## Activity
In the copy, include no images. Reproduce the entries exactly.

(Stored items)
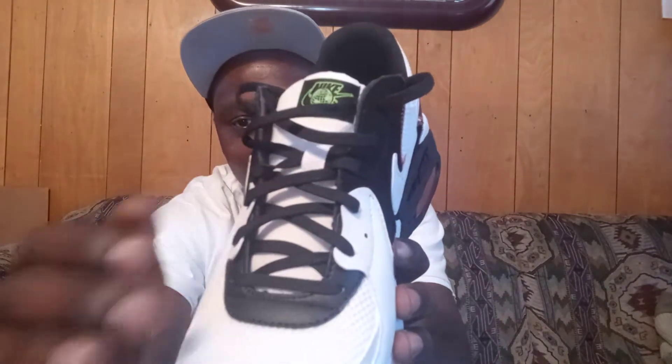You got the black laces, the white and black lace holes, and the Nike logo right here in green on the front of the shoe. The inside of the shoe is all black, and the bottom part is like a light blue with the green Nike swoosh once again on the inside.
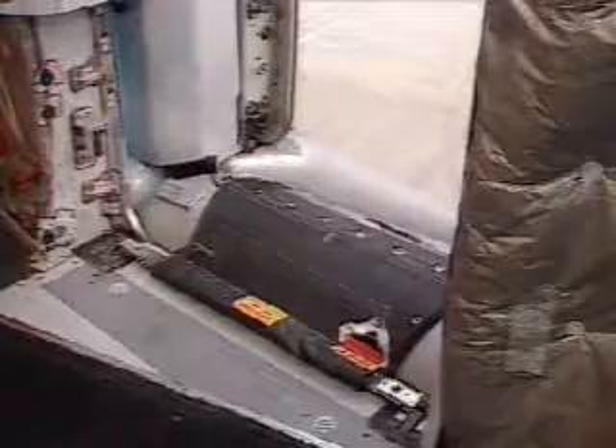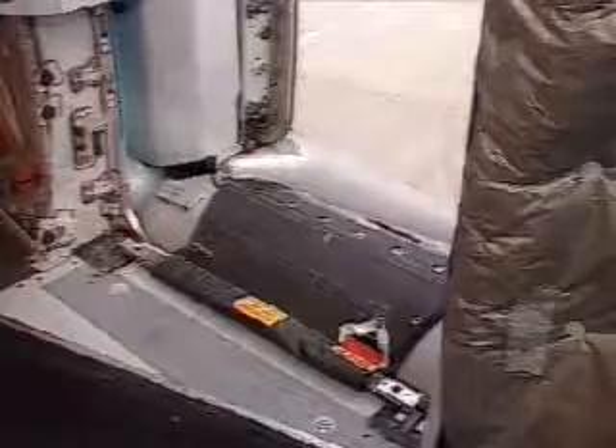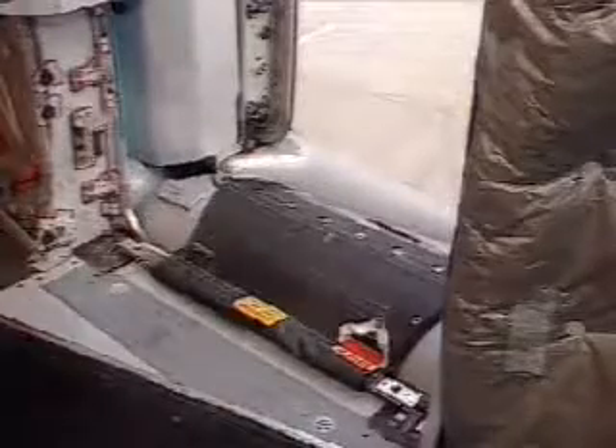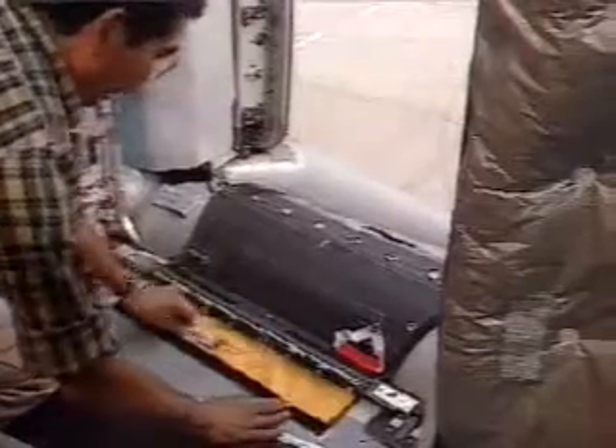For disconnection, the following steps must be taken. Lift the flap of the girt extension to gain access to the white disconnect handle, and pull the handle.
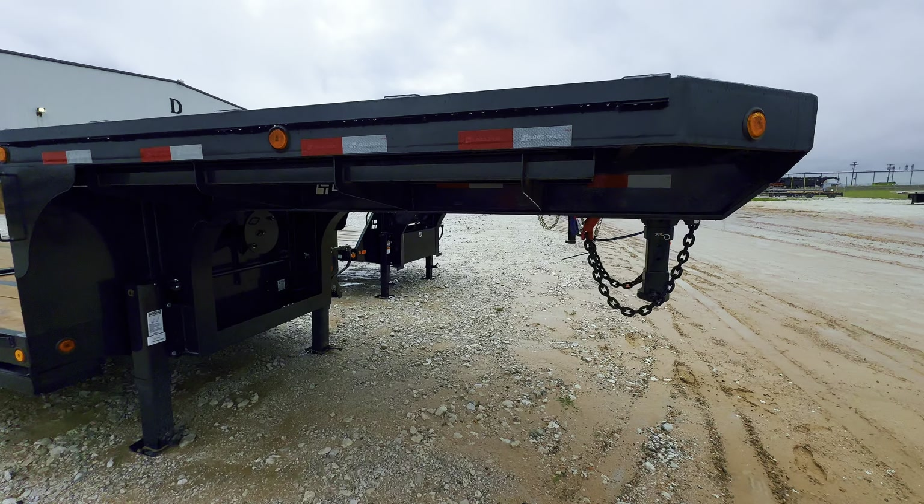One thing that I have noticed — and I do give honest reviews — is this stamp right here: Powder Coated Tuff. Load Trail does really, really good with their powder coating. I've run a couple of PJs and I've run Big Tex trailers, and after a year they look like they're five or six years old. The good thing about Load Trail is their powder coating is one of the first things I noticed. It's just really, really nice — a very nice trailer.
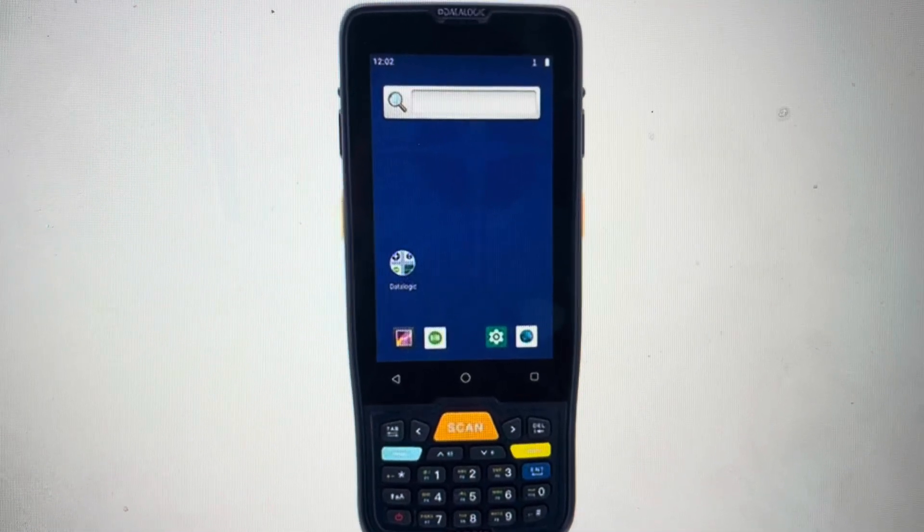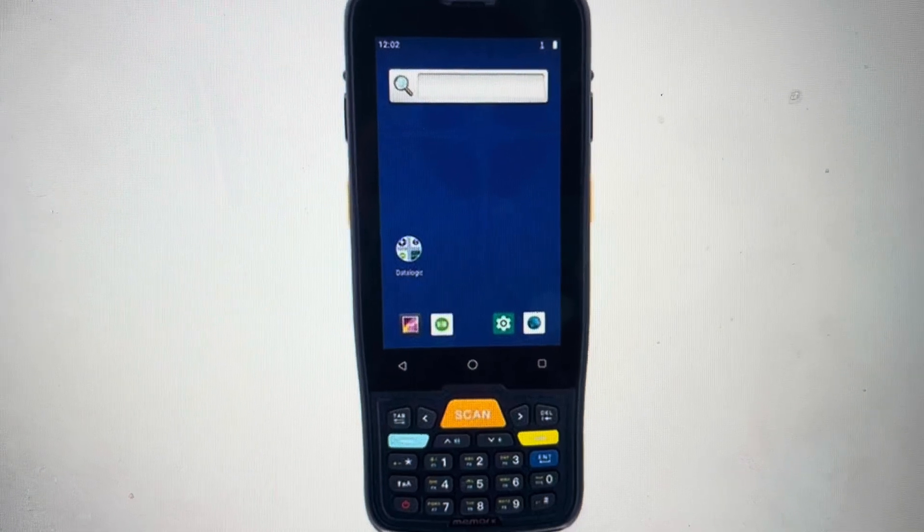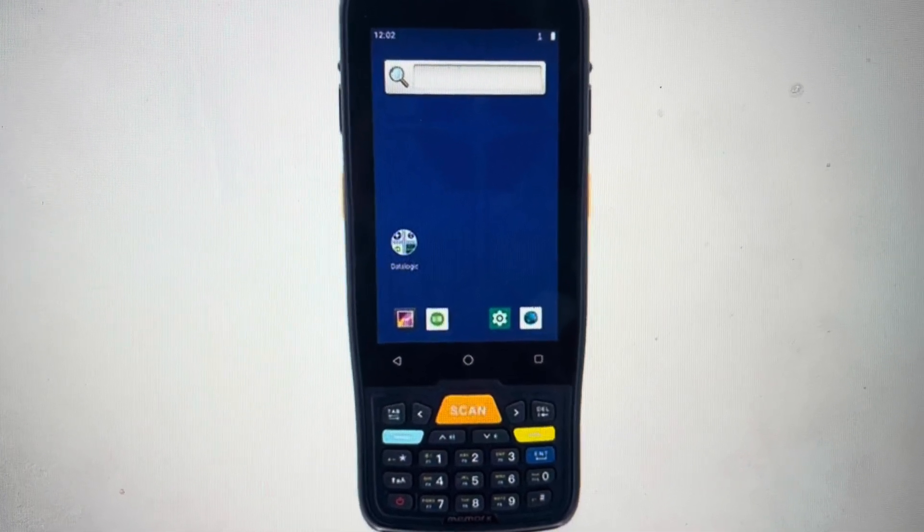Hey everybody, this is a quick video in case you have a DataLogic Memoir K handheld computer and you need to do a hard reset to the factory default settings.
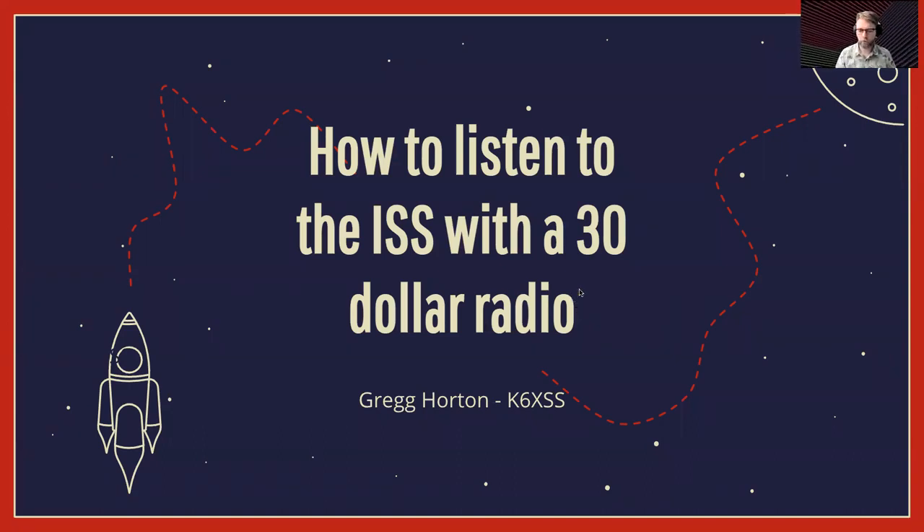My name is Greg Horton, Kilo 6 X-Ray Sierra Sierra, and welcome to the Ham Radio Village as part of DEF CON. I'm here today to talk about how to listen to the International Space Station with a $30 radio.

## Output of the task
You got the black laces, the white and black lace holes, and the Nike logo right here in green on the front of the shoe. The inside of the shoe is all black, and the bottom part is like a light blue with the green Nike swoosh once again on the inside.
For disconnection, the following steps must be taken. Lift the flap of the girt extension to gain access to the white disconnect handle, and pull the handle.
One thing that I have noticed — and I do give honest reviews — is this stamp right here: Powder Coated Tuff. Load Trail does really, really good with their powder coating. I've run a couple of PJs and I've run Big Tex trailers, and after a year they look like they're five or six years old. The good thing about Load Trail is their powder coating is one of the first things I noticed. It's just really, really nice — a very nice trailer.
Hey everybody, this is a quick video in case you have a DataLogic Memoir K handheld computer and you need to do a hard reset to the factory default settings.
My name is Greg Horton, Kilo 6 X-Ray Sierra Sierra, and welcome to the Ham Radio Village as part of DEF CON. I'm here today to talk about how to listen to the International Space Station with a $30 radio.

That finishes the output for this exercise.